With the metaphor of a servant, the late Dr. John Stott concludes a presentation of five metaphors to describe the role of a preacher.  The particular verse from which Stott draws the metaphor is found in 1 Corinthians 3:5:

 What then is Apollos? And what is Paul? Servants through whom you believed, even as the Lord gave opportunity to each one.

The Corinthians had succumbed to “the shameful cult of human personalities,” drawing out distinctions and comparisons between such leaders as Paul, Peter, and a skilled speaker from Alexandria named Apollos.  They claimed loyalty to their favorite leader or preacher, and looked down on those who weren’t members of their particular fan club.   Stott focuses on Paul’s response to such twisted, misguided thinking about the church.  All genuine, called preachers of the gospel are, at the end of the day, servants who have simply done their jobs to the best of their ability.  They are not artists seeking to “create” a masterpiece of a sermon week by week, or pulpit politicians who seek to sway the will of their listeners in a certain direction politically.
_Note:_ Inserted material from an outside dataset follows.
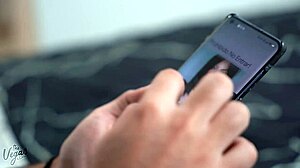 sora vitregă schimbă tăcerea pentru o afacere dură în dormitor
Stott writes that a servant must be provided the tools and means to accomplish his task by his employer, or Master.  As a gardener needs to be given tools to work the ground, so a preacher must be given the proper tools to preach effectively—and the primary need is for the very power of God to be dispensed into the preacher so that it can be relied on by the preacher in the sermon.  Stott lists four sources of the power need:

The first source of power is the Word of God.  People are not saved by the words of people, but only by the Word of God.  This means a godly preacher does not rely on arguments of reason or flourish that could play to any crowd, Christian or not, for sake of their impressiveness and apparent wisdom.  Instead, the preacher finds the unadulterated, unadorned words of the Bible to be his one and only subject and source of material.  All other information sources find their value only in the extent that they contribute to the proper interpretation of the Word from God.

Second, there is matchless power in the cross of Christ.  While perplexing to the spiritually minded Jews of Paul’s day, and foolishness to the “logical” Greeks, Paul stubbornly refused to present any other source of truth or reason than that of the fact and results of the most heinous crime in human history—the crucifixion of Jesus Christ, and the astounding opportunity of redemption that the cross afforded for all who simply believed in it for their salvation.

Third, the preacher finds power for preaching in the filling of the Holy Spirit—in the preacher himself and in his hearers. Whereas common public proclamation and discourse rests on the ability of the speaker to persuade—often through manipulative technique or the display of great speaking skill—the preacher relies on a spiritual transaction to occur in the soul of both himself as he preachers, and in his listeners, as they sit under the preaching of the Bible.

Finally, there is preaching power to be found in cultivating a life of holiness and humility.  A preacher must speak from a life that, while not perfect or sinless by any means, is  sincere in its preference and pursuit of a holy life before God and man.  Also, the preacher gains power through humility.  As the Word tells him that God “gives grace to the humble (1 Pet 5:5), he seeks that grace from God, week after week.

Whew!  Those are the five metaphors of the preacher that Stott leave us with in The Preacher’s Portrait.  Are there any that you feel he left out?